La théorie du soi dialogique
À la racine de cette théorie, l’hypothèse qui habite l’auteur est que « les écrivains possèdent une même conscience de leurs origines, inégale mais constante, une même conscience de leurs difficultés, différentes mais réelles, ils refusent d’être déterminés et veulent se déterminer eux-mêmes » (p.139). Les écrivains de la diaspora et ceux du continent n’ont pas forcément les mêmes préoccupations et les mêmes visées. Chez ceux de l’afrosporie, la question identitaire se pose en des termes particuliers. La migration ouvre inévitablement diverses portes au Soi face auxquelles on est appelé à opérer des choix ou des positionnements qui vont intégrer le processus de formation identitaire propre. C’est le sujet central de cet essai : la formulation d’un modèle qui s’inscrit dans le débat autour des autodéterminations identitaires. Il s’agit d’une approche décoloniale et interculturelle fondée sur trois principes essentiels : la question linguistique, l’objectivité et le contexte ; principes auxquels la critique française habitée par la mentalité universaliste sacrifierait difficilement.
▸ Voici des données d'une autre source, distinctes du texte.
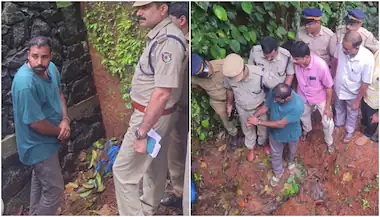  ബാങ്ക് ജീവനക്കാരെ കബളിപ്പിച്ച് പണം തട്ടിയ കേസിൽ നിർണായകമായി രഹസ്യവിവരം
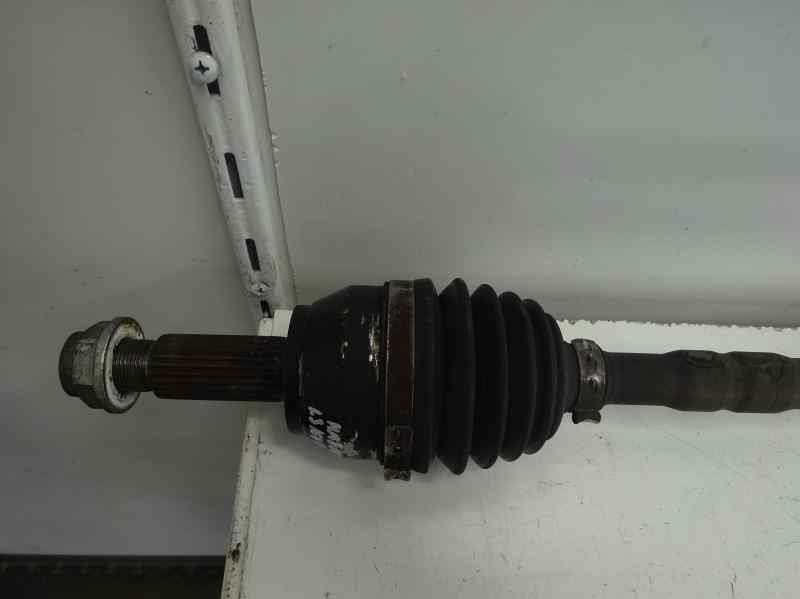 TRANSMISION DELANTERA DERECHA MAZDA 2 1.3 MT 75CV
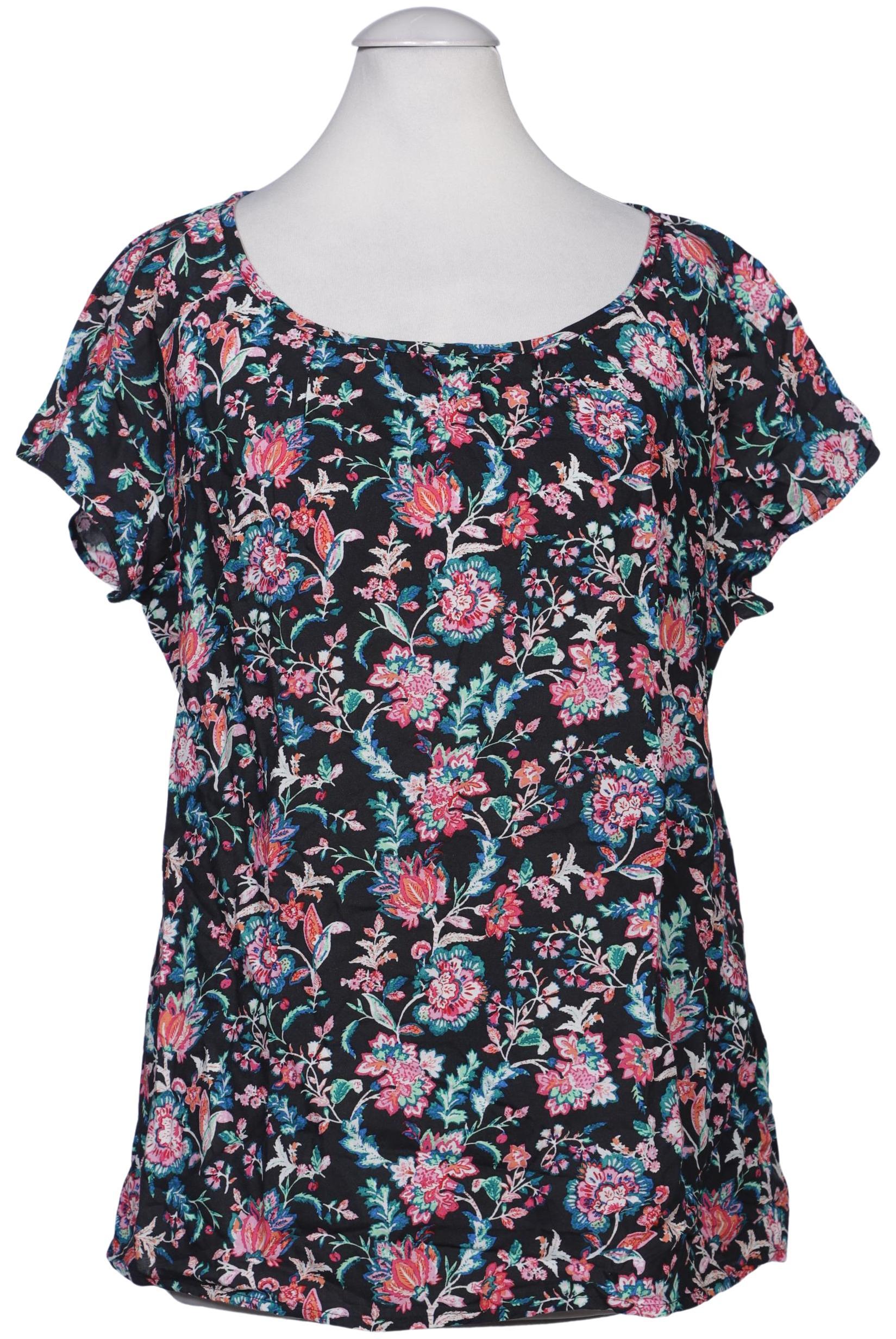 

Street One Damen Bluse, schwarz, Gr. 34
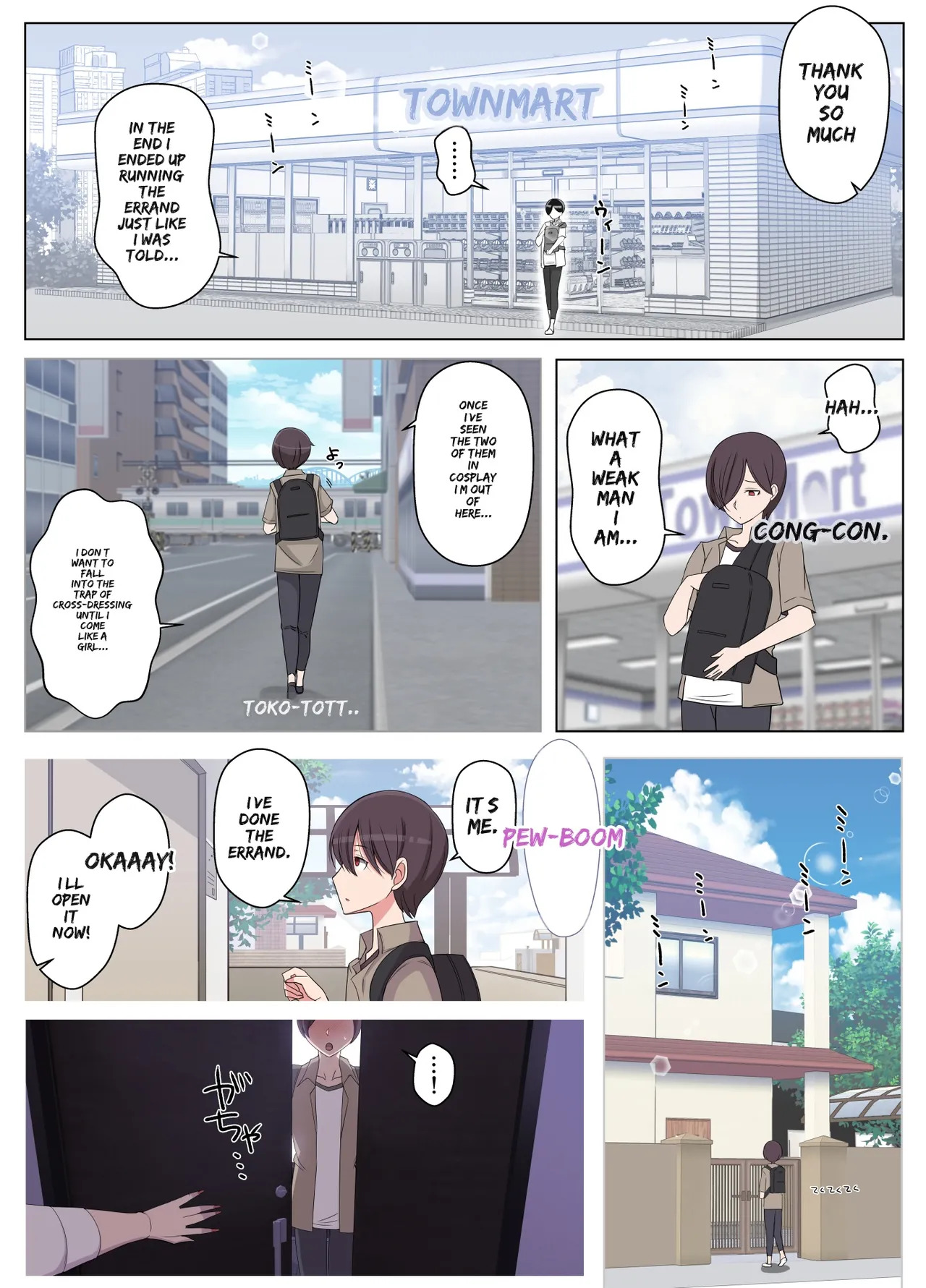 [Yoshiyoshi-ya] Mama tte Yonde Ippai Amaete 2 | Call Me Mama and Spoil Me Rotten 2 [English] [MTL] - Page 58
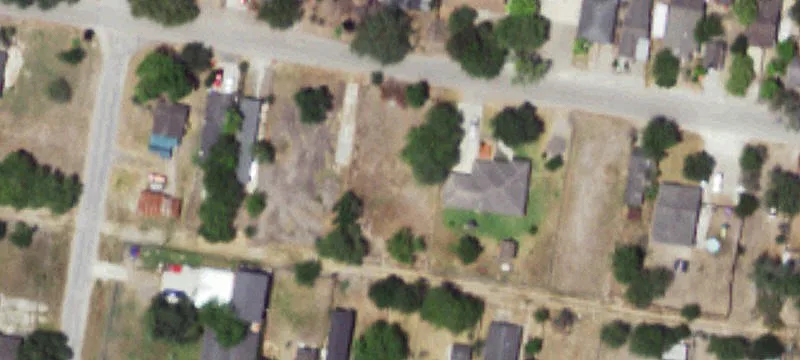 Residential Development Lot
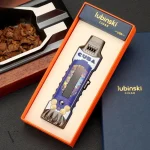 Briquet à cigares, plaisir et style réunis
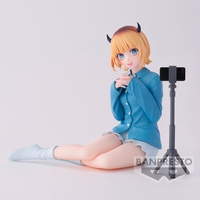 oshi-no-ko-memcho-prize-figure-relax-time-ver image number 4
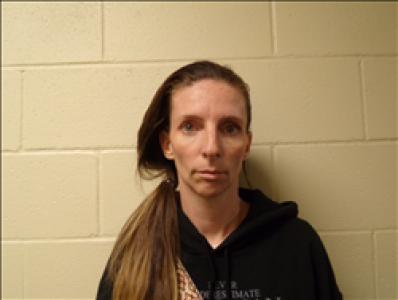 Jessica Marie Ulrich a registered Sex, Violent, or Drug Offender of Kansas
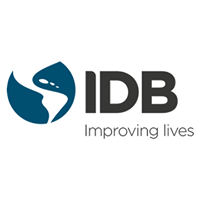 Inter-American Development Bank's logo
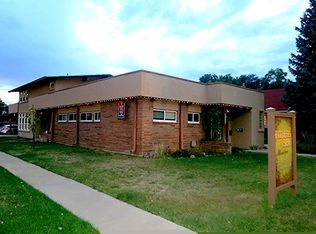 2402 N Nevada Ave, Colorado Springs, CO 80907
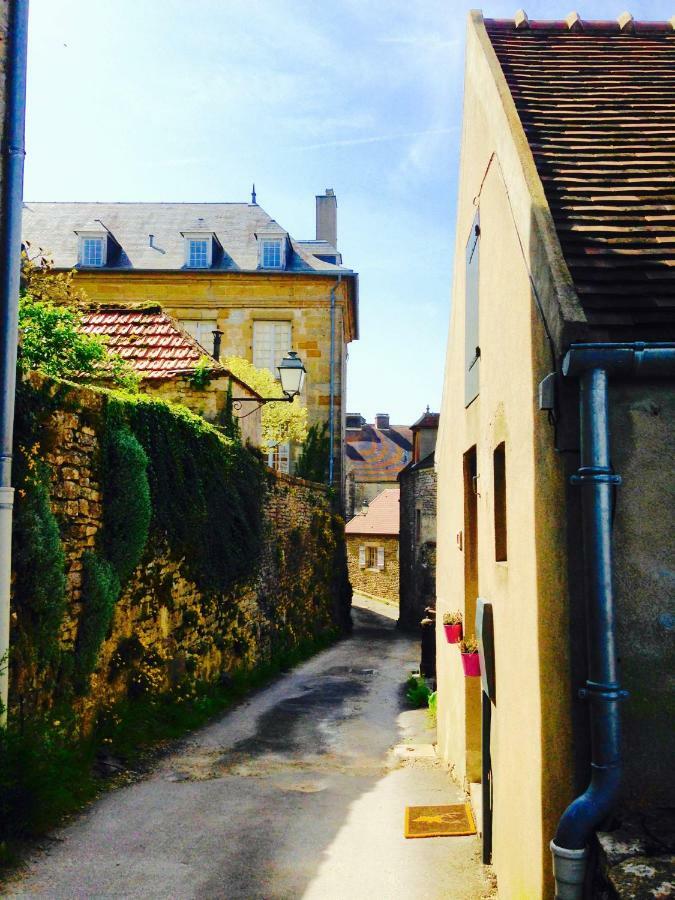 The Good Studio Vézelay Esterno foto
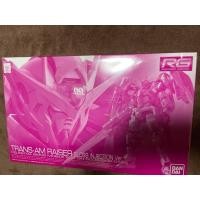 ราคา 【Direct from Japan】RG Trans-Am Raiser Gloss Injection Ver.【Japan Exclusive】 (41413819040)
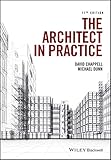 The Architect In Practice English Edition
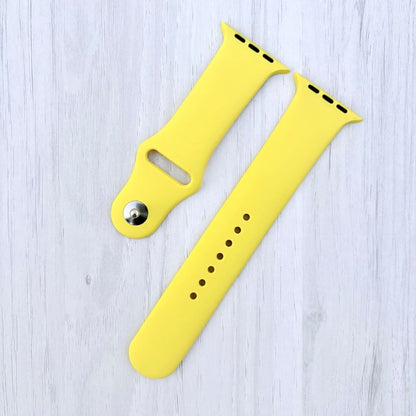 Classic Sport Bands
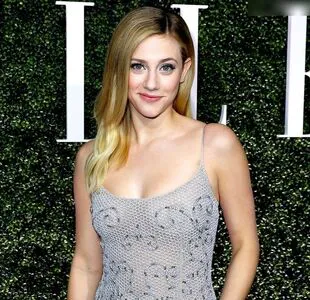 Lili Reinhart OnlyFans Leaked Free Thumbnail Picture - #h8mv0pDUCH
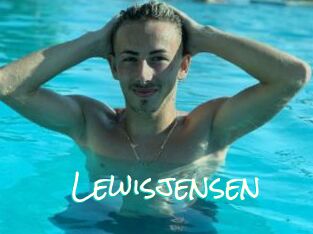 Lewisjensen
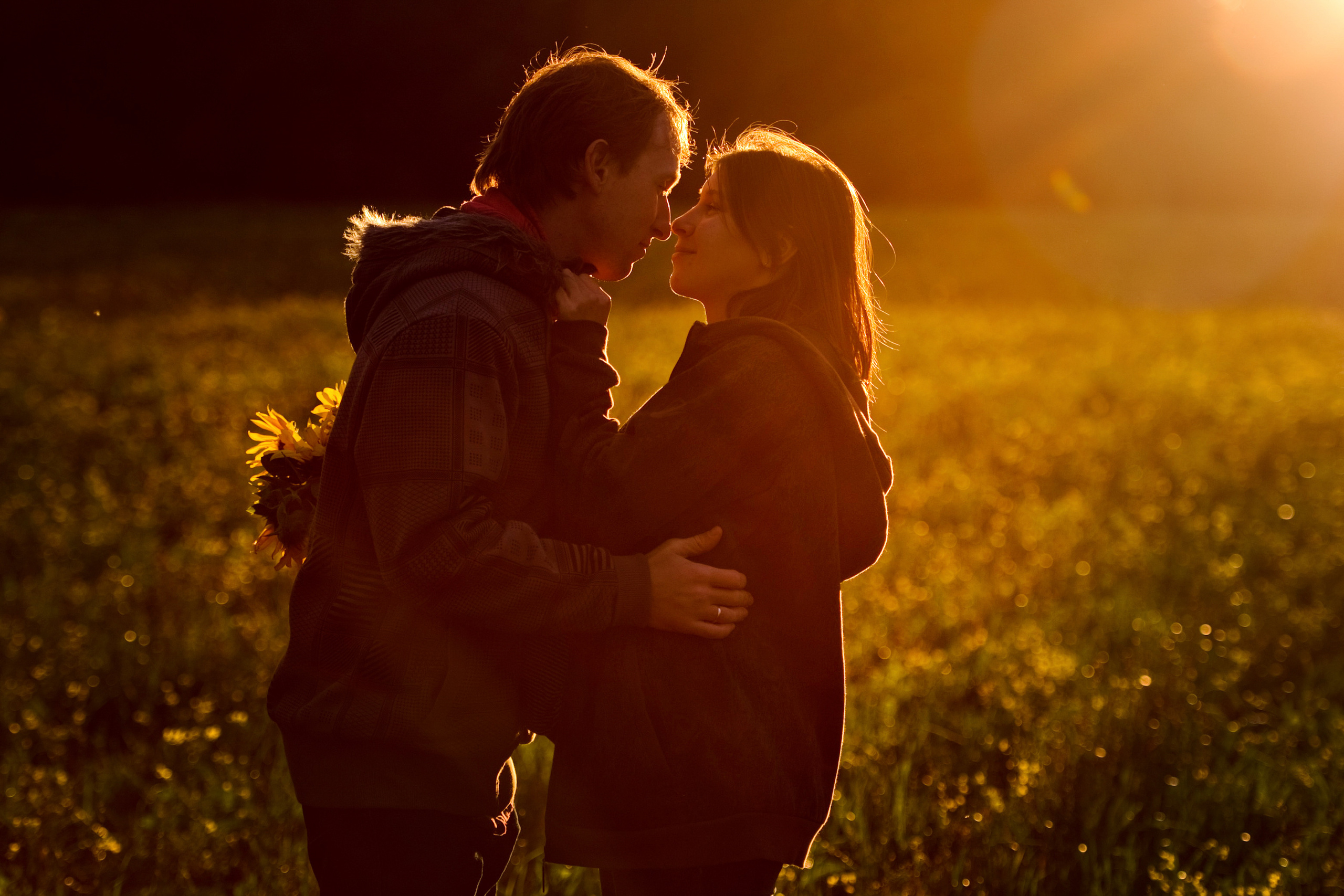 Семейный фотограф Анна Дубовская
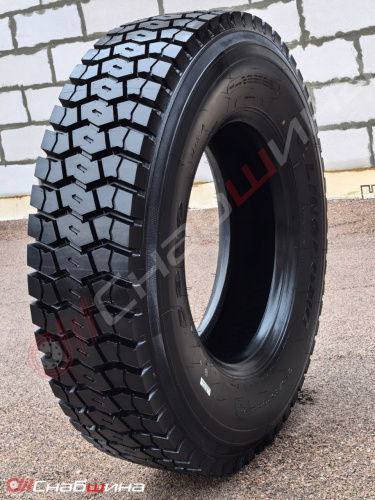Грузовые шины LingLong 315/80R22.5 D960 154/150M 18PR TL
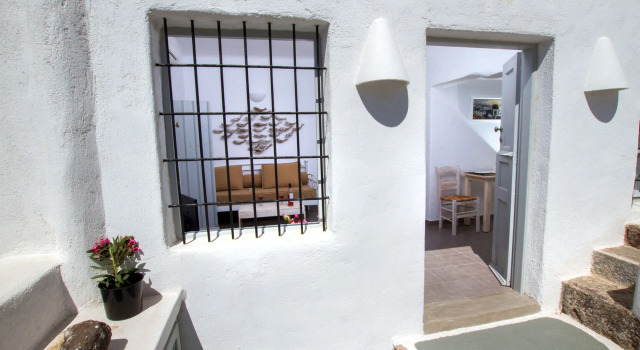 Skyline Villa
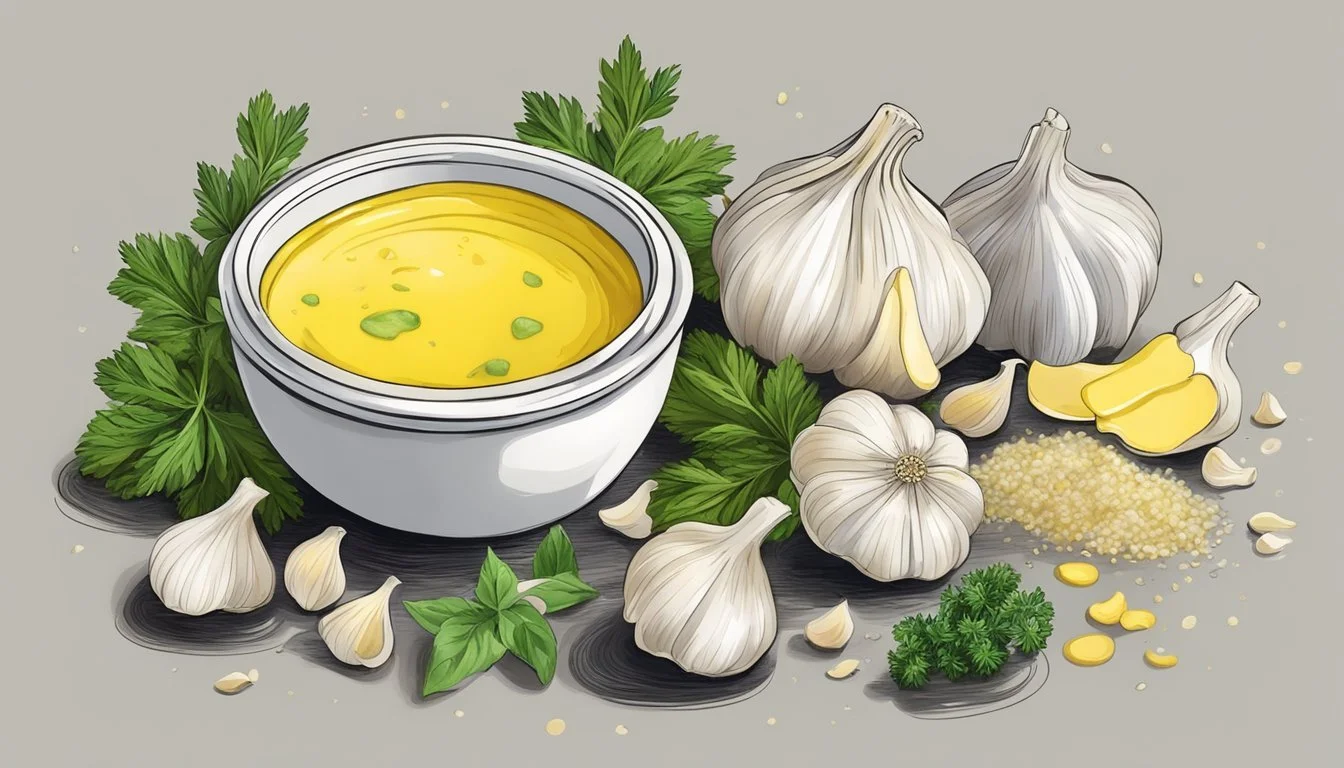 The Ultimate Guide to Making Cowboy Butter at Home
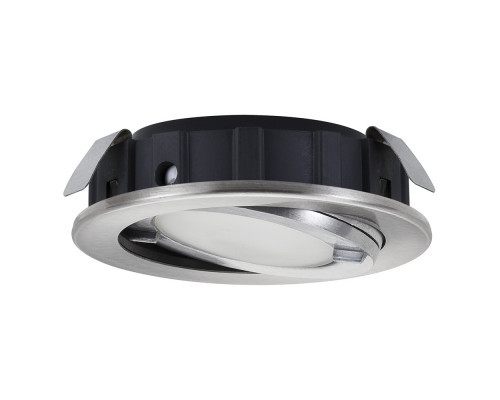 Дополнительное фото Светильник мебельный Paulmann Micro Line IP44 Downlight 98571: Купить в Интернет магазин освещения GCSVET.RU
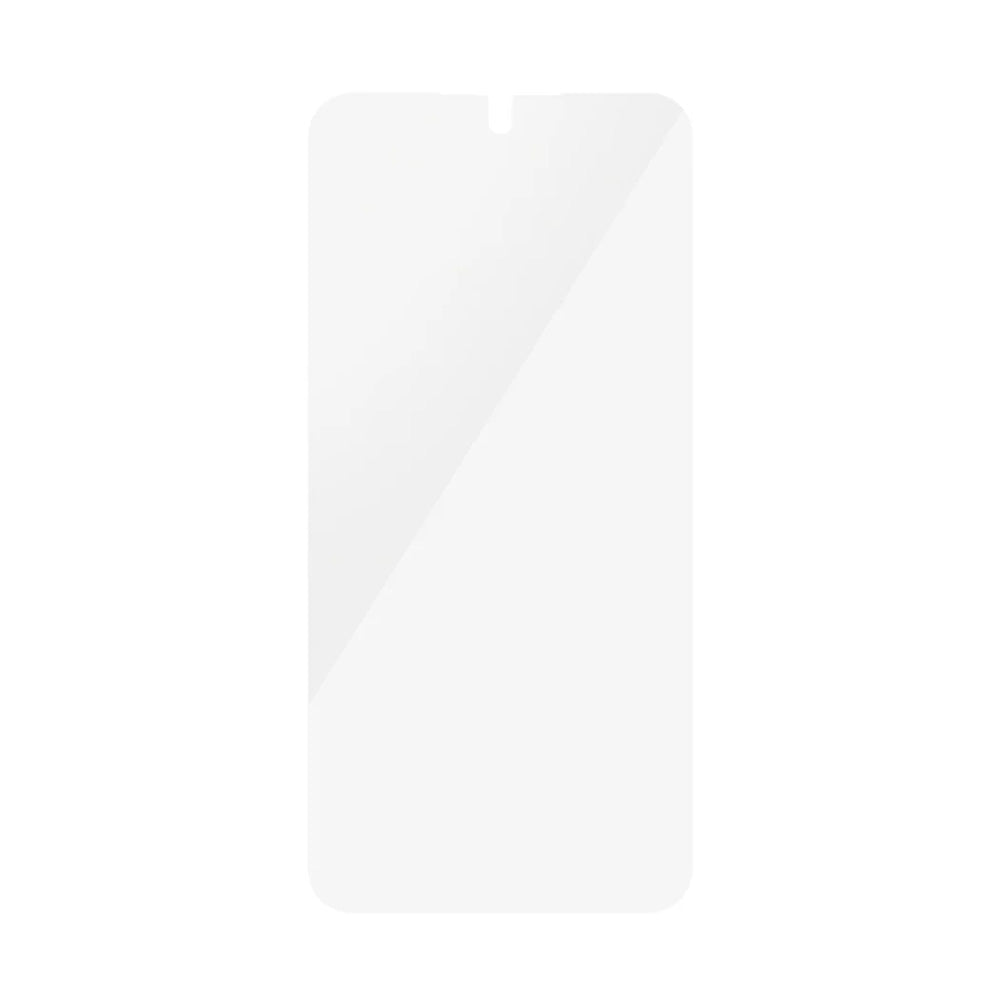 Skyddsfilm PanzerGlass Safe. Ultra-Wide Fit EasyAligner för Samsung Galaxy A36 A366, Härdat Glas, Full Glue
D’après Éric Essono Tsimi, la théorie du soi dialogique est « la seule qui permette, à partir de [son] modèle, de mesurer, prédire, expliquer, interpréter les processus identitaires des écrivains migrants africains dans chaque œuvre littéraire, tout en exemptant l’universitaire pressé de mener ces mêmes entretiens auprès d’écrivains » (p.132). Elle postule que le Soi et la culture abritent une suite illimitée de « positions au sein desquelles des relations dialogiques peuvent être établies » (p.138). Ces positions sont les différents prononcements du moi, les « Moi-positions », qui sont, en effet, les différentes voix qui contribuent à dessiner l’identité du Soi.
En effet, il faut comprendre le soi ou le self « comme l’ensemble des caractéristiques de l’individu ; il se distingue du Moi dont il est une composante plurale. L’identité peut être assimilée au Soi, qui tend à désigner ce qu’une personne est, comment elle se définit, par rapport à ses multiples “Moi” » (p.97). Cela dit, le Soi apparait comme l’instance qui fédère et donne lieu à la mobilité entre les différentes positions du Moi qui forment ainsi son [du Soi] sociogramme. Ce dernier quant à lui est une espèce de tableau qui rend compte de l’ensemble des communautés auxquelles les auteurs s’autoréfèrent. Ce tableau bâti sur le socle du dialogue entre les multiples filiations du Moi façonne des identités décoloniales, des identités autodéterminées.
Il convient de noter que le modèle dialogique est basé sur cinq étapes, étapes entendues non pas comme séquençages successifs conduisant à une réalité supérieure, mais comme différents points d’arrêt dans un système cyclique ayant le même degré d’importance. Les étapes en question sont : Ajustement /intégration ; Dissonance ; Résistance/Immersion ; Introspection ; Articulation/ conscience africaine (cf. p.141).
Puisque l’idée n’est pas d’épuiser les commentaires sur ce livre, disons pour vous le recommander et sortir, que l’essai d’Éric Essono Tsimi est une importante contribution dans le débat relatif aux dynamiques identitaires des écrivains afrosporiques. Il se positionne en faveur du désenclavement identitaire de ceux-ci, dans un contexte où ils sont frappés de réductionnisme ou du déterminisme identitaire. L’auteur propose l’adoption de la décolonialité comme concept critique opératoire dans les études littéraires africaines et l’exploration décoloniale comme grille de lecture du soi dialogique pour aboutir aux identités décoloniales.
De quoi la littérature africaine est-elle la littérature ? Pour une critique décoloniale (2022) d’Éric Essono Tsimi, est paru aux Presses de l’Université de Montréal, Collection Pluralisme, 307 pages.